__THE PROBLEM__
Every line of the listing below should be written out exactly, minus its pictures.
==*==
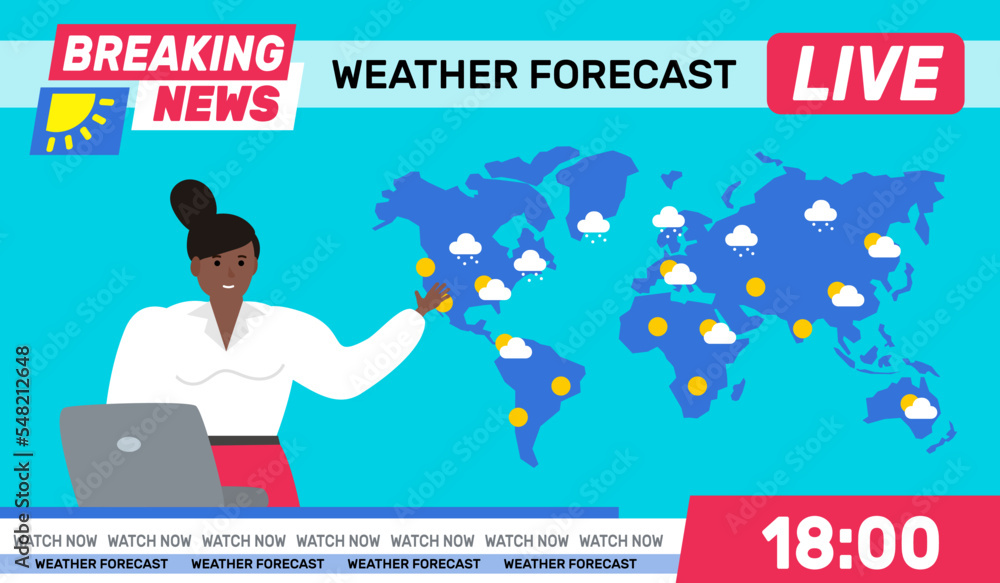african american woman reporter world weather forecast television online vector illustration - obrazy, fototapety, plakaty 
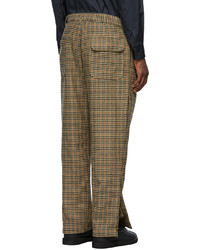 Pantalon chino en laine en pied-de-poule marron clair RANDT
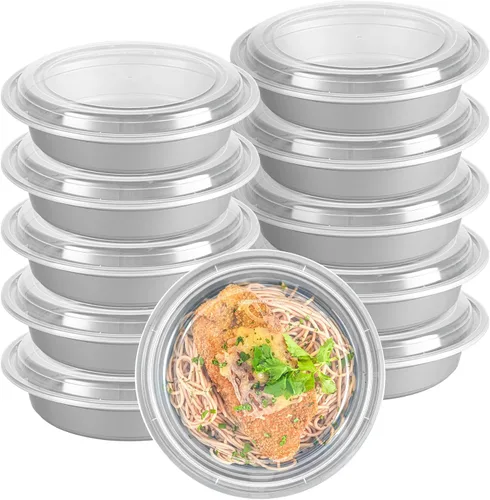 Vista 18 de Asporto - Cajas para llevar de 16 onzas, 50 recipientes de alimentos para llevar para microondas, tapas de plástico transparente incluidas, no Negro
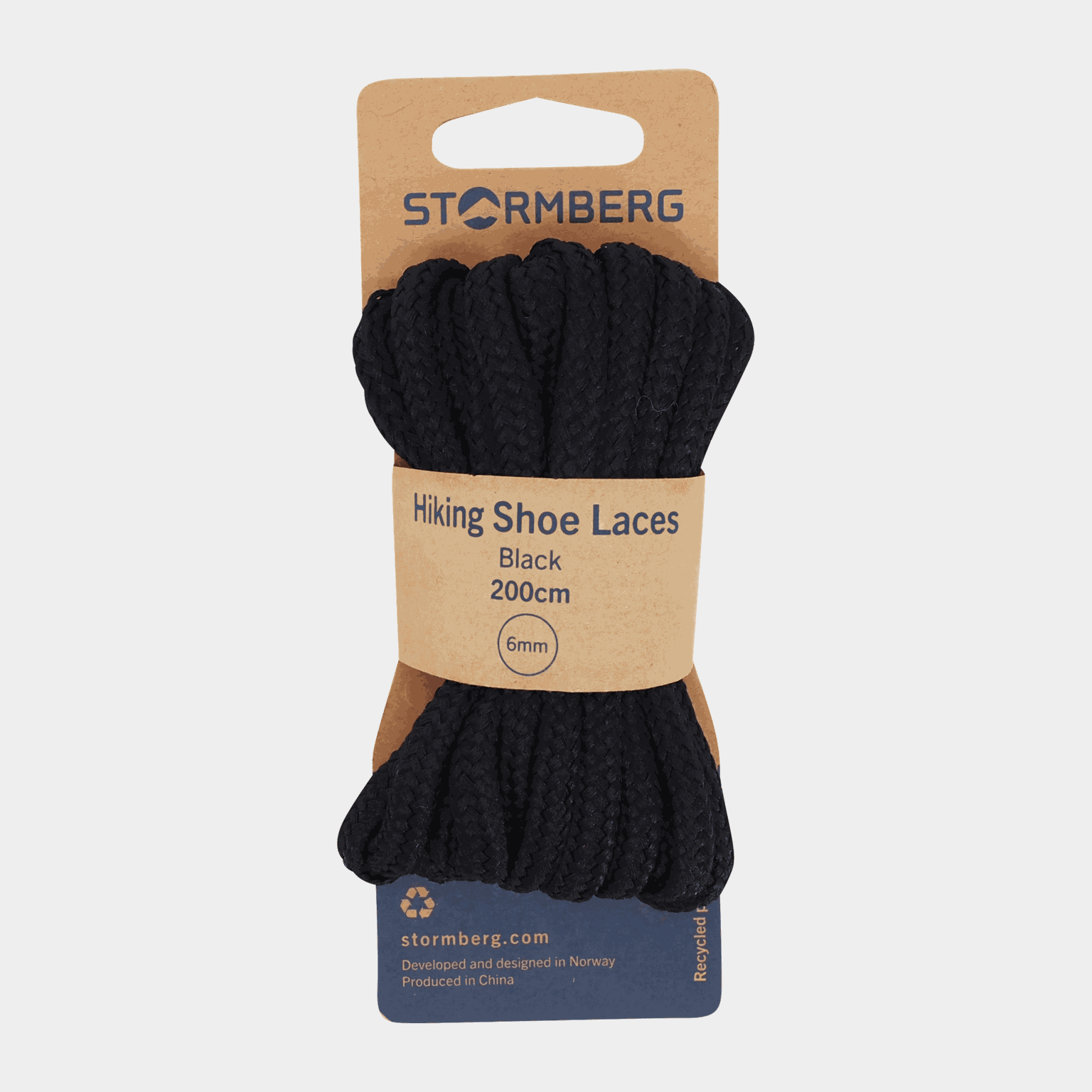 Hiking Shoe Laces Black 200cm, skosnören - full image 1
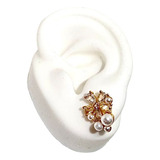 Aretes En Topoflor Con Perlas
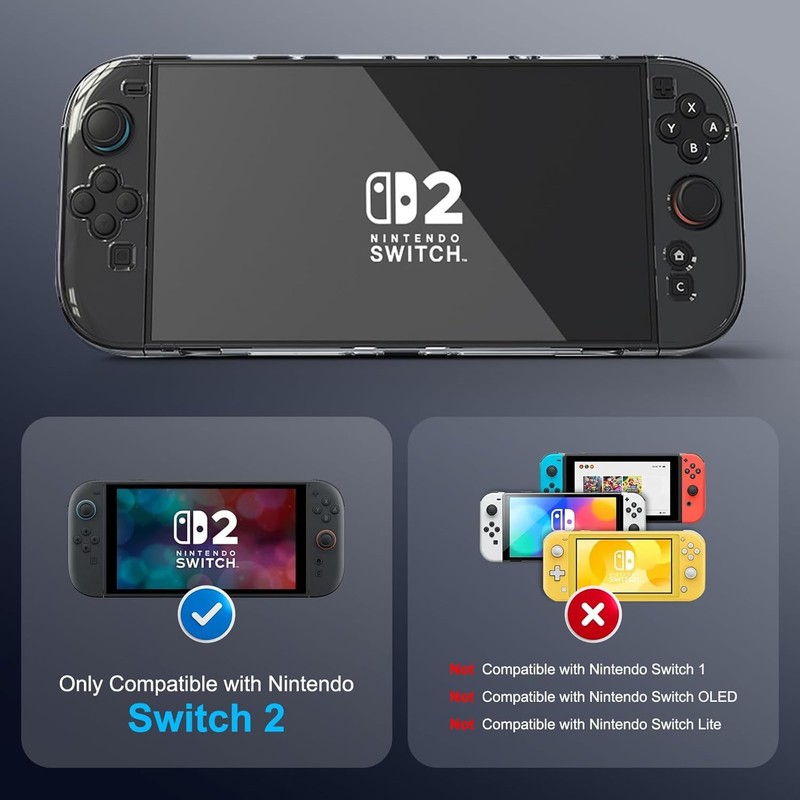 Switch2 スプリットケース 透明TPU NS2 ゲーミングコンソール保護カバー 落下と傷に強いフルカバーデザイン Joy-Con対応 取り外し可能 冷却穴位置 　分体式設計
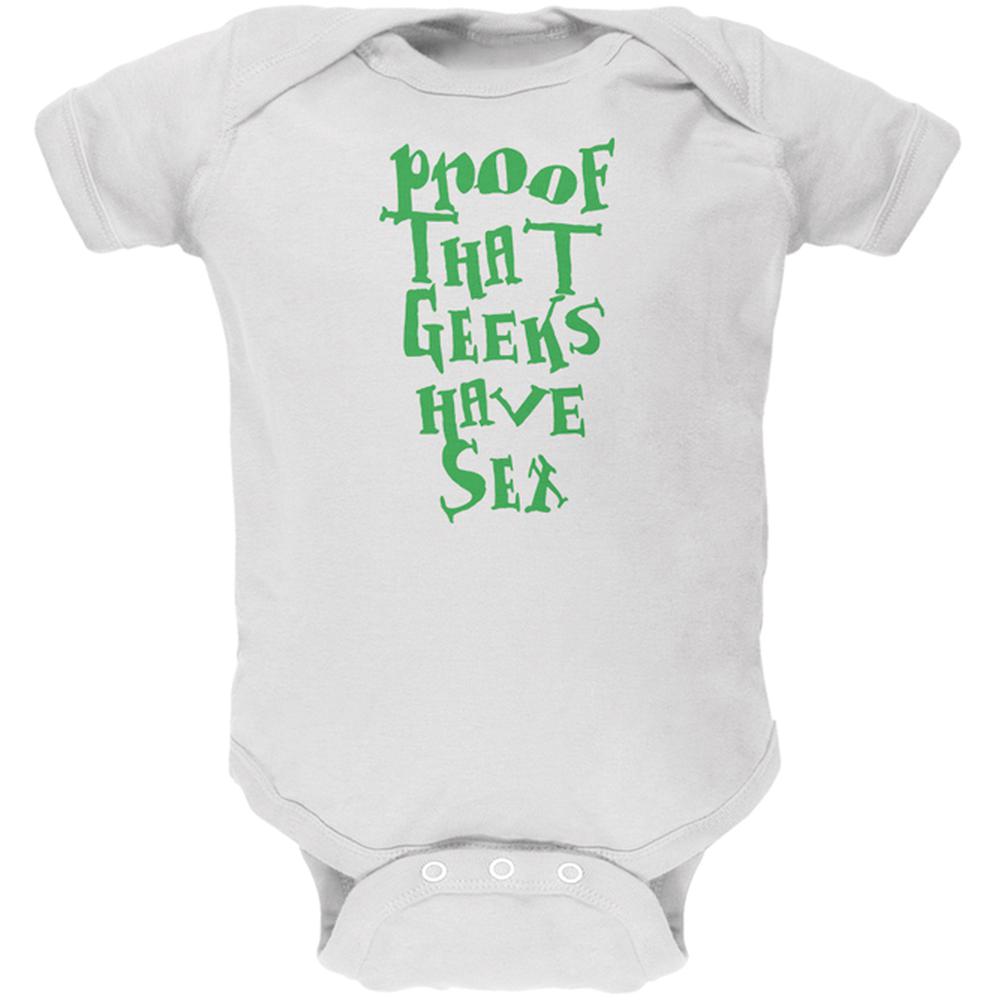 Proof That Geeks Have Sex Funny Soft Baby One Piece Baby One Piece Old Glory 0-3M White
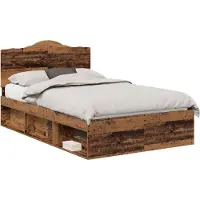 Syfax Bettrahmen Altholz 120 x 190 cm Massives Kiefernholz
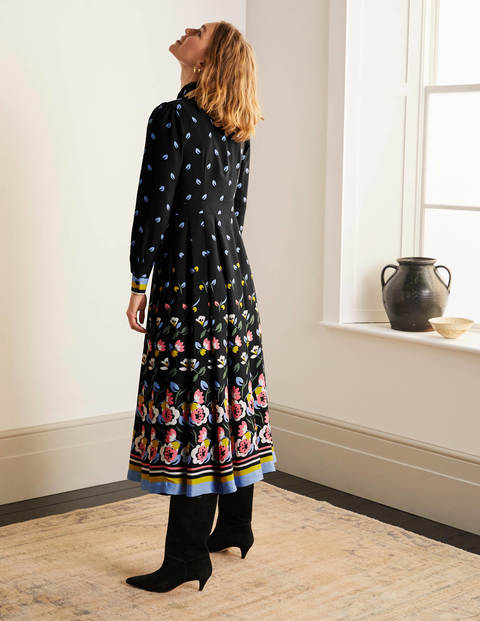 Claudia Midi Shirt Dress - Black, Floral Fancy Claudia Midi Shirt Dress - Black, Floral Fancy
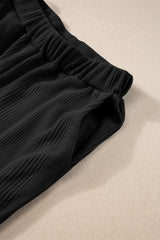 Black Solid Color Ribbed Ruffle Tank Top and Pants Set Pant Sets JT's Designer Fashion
==*==
__SOLUTION FOR THIS EXERCISE__
african american woman reporter world weather forecast television online vector illustration - obrazy, fototapety, plakaty 
 Pantalon chino en laine en pied-de-poule marron clair RANDT
 Vista 18 de Asporto - Cajas para llevar de 16 onzas, 50 recipientes de alimentos para llevar para microondas, tapas de plástico transparente incluidas, no Negro
 Hiking Shoe Laces Black 200cm, skosnören - full image 1
 Aretes En Topoflor Con Perlas
 Switch2 スプリットケース 透明TPU NS2 ゲーミングコンソール保護カバー 落下と傷に強いフルカバーデザイン Joy-Con対応 取り外し可能 冷却穴位置 　分体式設計
 Proof That Geeks Have Sex Funny Soft Baby One Piece Baby One Piece Old Glory 0-3M White
 Syfax Bettrahmen Altholz 120 x 190 cm Massives Kiefernholz
 Claudia Midi Shirt Dress - Black, Floral Fancy Claudia Midi Shirt Dress - Black, Floral Fancy
 Black Solid Color Ribbed Ruffle Tank Top and Pants Set Pant Sets JT's Designer Fashion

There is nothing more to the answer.